为什么"Varimax"和"Varimax"之间在心理::原理上有区别?和"varimax"? [英] Why are there differences in psych::principal between "Varimax" and "varimax"?
问题描述
在相关问题中,我问为什么stats::varimax
和GPArotation::Varimax
之间存在差异,psych::principal
都会调用这两个差异,具体取决于为rotate =
设置的选项.
这两个之间的差异(请参见另一个问题)说明了与psych::principal
的部分差异,但不是全部差异.
看来这些差异以某种方式使
library(GPArotation)
library(psych)
data("Thurstone")
principal.unrotated <- principal(r = Thurstone, nfactors = 4, rotate = "none") # find unrotated PCs first
loa <- unclass(principal.unrotated$loadings)
# just to compare that the rot.mat is correct
varimax.stats <- stats::varimax(x = loa, normalize = TRUE)
varimax.GPA <- GPArotation::Varimax(L = loa, normalize = TRUE)
# notice we're here NOT interested in the difference between stats and GPA, that's the other question
diff.from.rot.meth <- unclass(varimax.stats$loadings - varimax.GPA$loadings) # very small differences, see this question: https://stackoverflow.com/questions/32350891/why-are-there-differences-between-gparotationvarimax-and-statsvarimax
mean(abs(diff.from.rot.meth))
#> [1] 8.036863e-05
principal.varimax.stats <- principal(r = Thurstone, nfactors = 4, rotate = "varimax")
principal.Varimax.GPA <- principal(r = Thurstone, nfactors = 4, rotate = "Varimax")
diff.from.princ <- principal.Varimax.GPA$rot.mat - principal.varimax.stats$rot.mat # quite a substantial change, because Theta is NOT a rotmat, that makes sense
mean(abs(diff.from.princ))
#> [1] 0.021233
mean(abs(diff.from.rot.meth)) - mean(abs(diff.from.princ)) # principal has MUCH bigger differences
#> [1] -0.02115263
对于浮点制品或其他东西来说,这似乎太大了.
我的假设是(其他)差异是由于 GPArotation::Varimax
默认为(Kaiser)normalize == FALSE
,而** stats::varimax
默认为(Kaiser)normalize == TRUE
,而 的设置与`principal :: psych``内的设置不同.
stats::varimax
手册:
## varimax with normalize = TRUE is the default
GPArotation::Varimax
/GPArotation::GPForth
手册:
参数normalize给出了是否应该以及如何在旋转之前进行任何归一化,然后在旋转之后撤消归一化的指示.如果normalize为FALSE(默认设置),则不执行规范化.如果normalize为TRUE,则完成Kaiser规范化. (因此将归一化的A sum等于1.0的平方行条目.这有时称为Horst归一化.)
此外,他们psych::Kaiser
手册警告:
默认情况下,GPArotation包不进行规范化,fa函数也不进行规范化.然后,更令人困惑的是,统计信息中的varimax确实出现了,GPArotation中的Varmax却没有.
任何人都可以确认差异实际上是归一化选项造成的吗?
由于程序(当然,因为psych :: principal中的normalize
选项不是评估后,所有其他程序都必须将该选项切换为TRUE).虽然可以配置stats :: varimax和GPArotation :: Varimax的精度(参数eps
),但在psych :: principal中将忽略此精度,并且似乎与eps = 1e-5隐含等于stats :: varimax.

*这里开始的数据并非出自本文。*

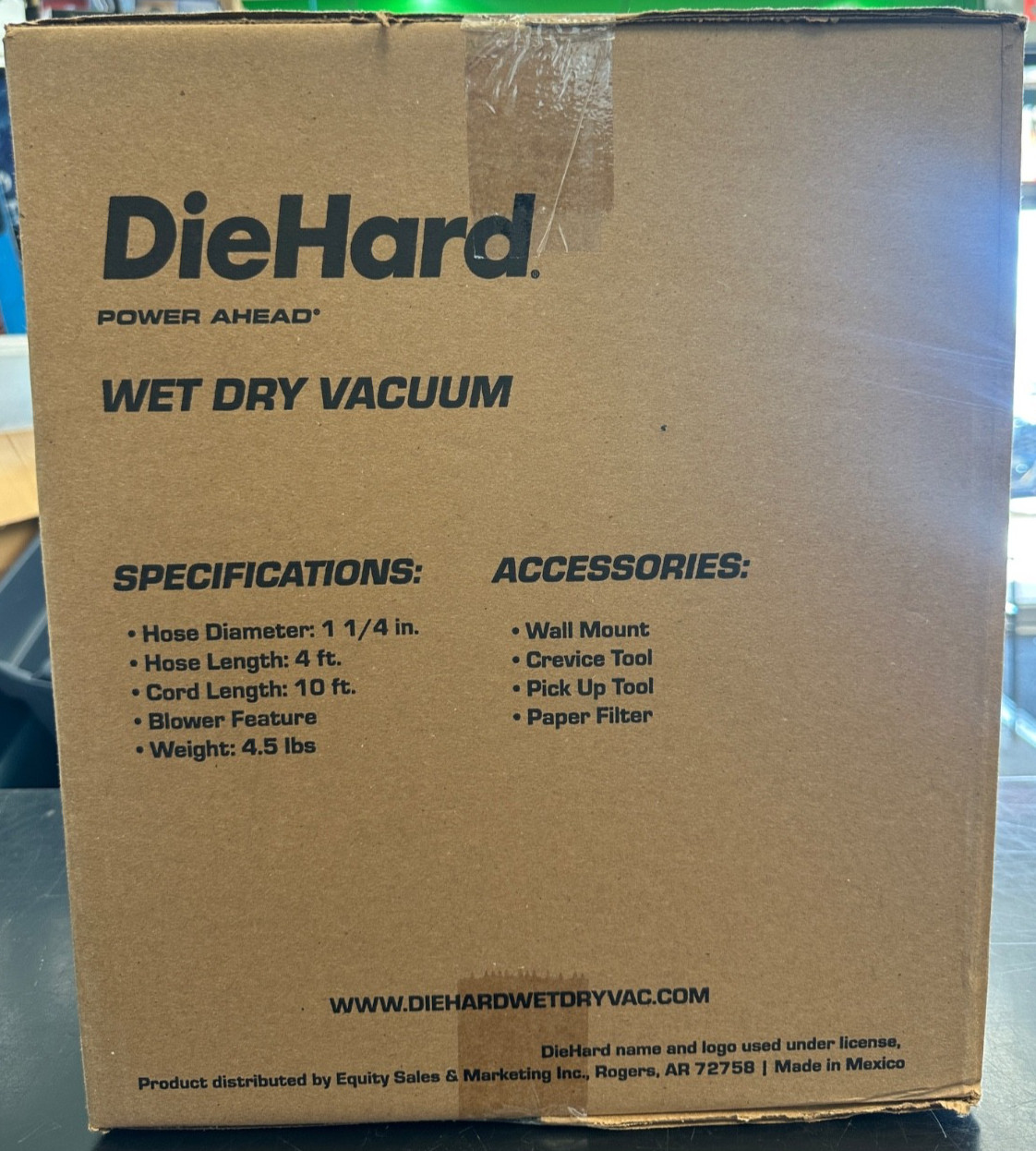 DieHard 2.5-Gallon 2.5 HP Wet/Dry Vacuum – 2.50 gal – Crevice Tool, Pick-up Tool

如果我们将stats :: varimax和GPArotations :: Varimax的精度提高到eps=1e-15
,那么我们得到的结果(至少8位数字)与我测试过的MatMate程序中的并发实现相同也非常精确地等于SPSS计算.
psych :: principal中缺少对显式选项eps
的处理似乎是一个错误,其较差的隐式默认值肯定令人不满意.
eps=1e-15
进行很多旋转,请参见最后的输出.因此,如果可以停止迭代,则可能是实施了另一个内部过程,或者在决策中对eps参数进行了不同的评估.在此答案结尾处看到的一个示例,可能暗示了这种效果.
下面的比较协议;仅显示加载的前两行.
The first three computations with low accuracy (eps=1e-5)
all procedures give equal or comparable results,
except GPArotation, which is already near the exact answer
--------------------------------
> principal(r = Thurstone, nfactors = 4, rotate = "varimax")$loadings *1000000
> stats::varimax(x = loa, normalize = TRUE,eps=1e-5)$loadings *1000000
> GPArotation::Varimax(L = loa, normalize = TRUE,eps=1e-5)$loadings *1000000
The second three computations with (attempted) high accuracy (eps=1e-15)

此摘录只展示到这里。